Remember Martha? She had her doubts about the arsenic being the primary cause for the contamination…
She is probably right.
This was the response of her neighbors:
No, don’t believe them! Nothing happened here, nothing. Many of them just made up a lot of excuses because they can’t even find anything else to invent.
Look at that old man who is walking over there, he is Mr. José Hernández Aguas, he has been working in the mine all his life, he is about eighty years old & he is very healthy. Ask him to see!
The final person was a girl, Natalia Hernández. She had been summoned to answer questions regarding her intoxication with arsenic.

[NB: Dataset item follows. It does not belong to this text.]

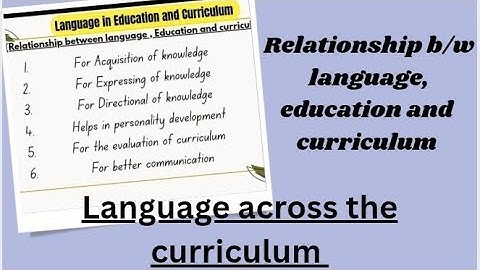 Relationship between language, education and curriculum| Language across the curriculum #bbmku#vbu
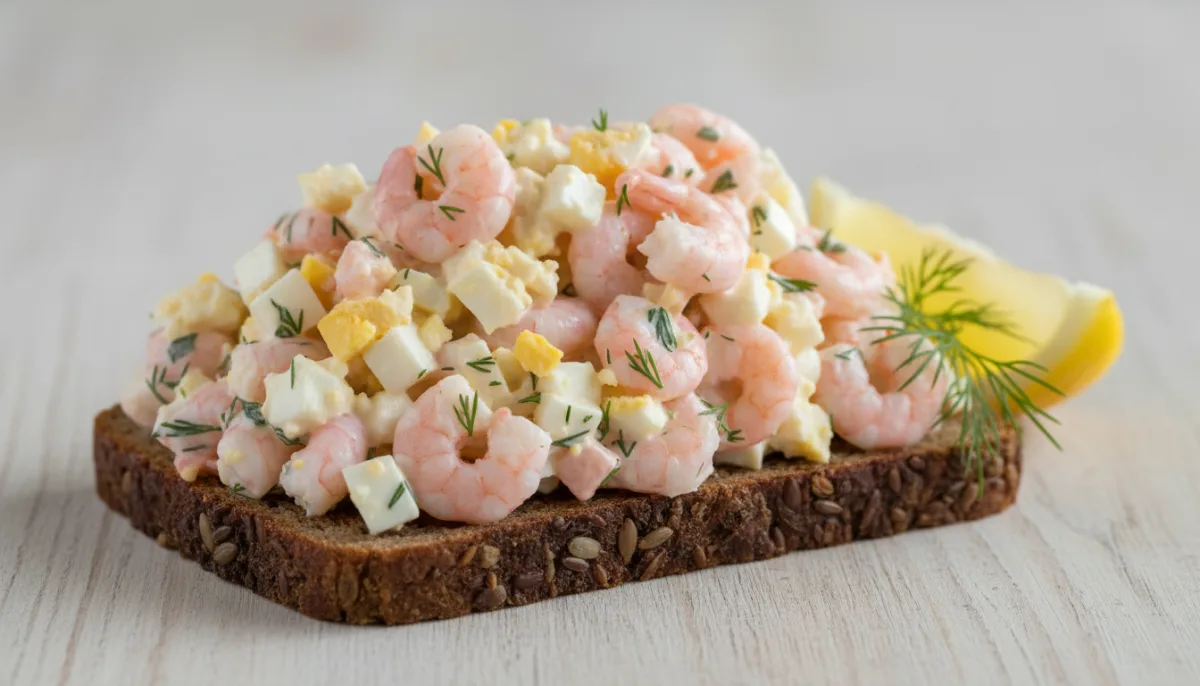 Schwedisches Krabben-Eiersalat-Sandwich mit Dill und Mayonnaise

I asked Natalia if she knew the cause of her intoxication and she answered that she knew that she had high levels of arsenic in her body, but that she could not blame the Soledad mining company.
The personnel of the Ministry of Health told them that contact with the cinnabar calcination furnaces in the courtyards of their houses, a few meters away, a few steps from their rooms, could also have caused the intoxication.
P.S. All the families contain additional mercury in their blood.
All the neighbors’ last comments were an interesting point to dig further into the root cause of contamination (perhaps contamination via the air):
“Here all the families are working with mercury, because it is an area of that mineral.” says a lady.
“It’s a mining zone here, all of it. And mercury comes out everywhere,” interrupts another.
“All the water is infected, so we can’t say it’s from the mine because it’s not”, one more woman adds to the arguments of her neighbors and concludes:
Besides, the mine is far away, and our men didn’t even get sick, nothing happened to them”.
Why Did We Write About This? 💭
I wrote about these topics because we genuinely care about the people.
Yes, I faced a similar situation with heavy metal ions. But that is not the entire reason…but it helps with identifying pain points.
A necessity is easy to sell because your life depends on it.
This is why we take deep consideration of what the potential users think about.
One mistake costs a life.
Understanding people’s pain points allow us to build relationships and build the bridge of trust: the world’s most powerful currency.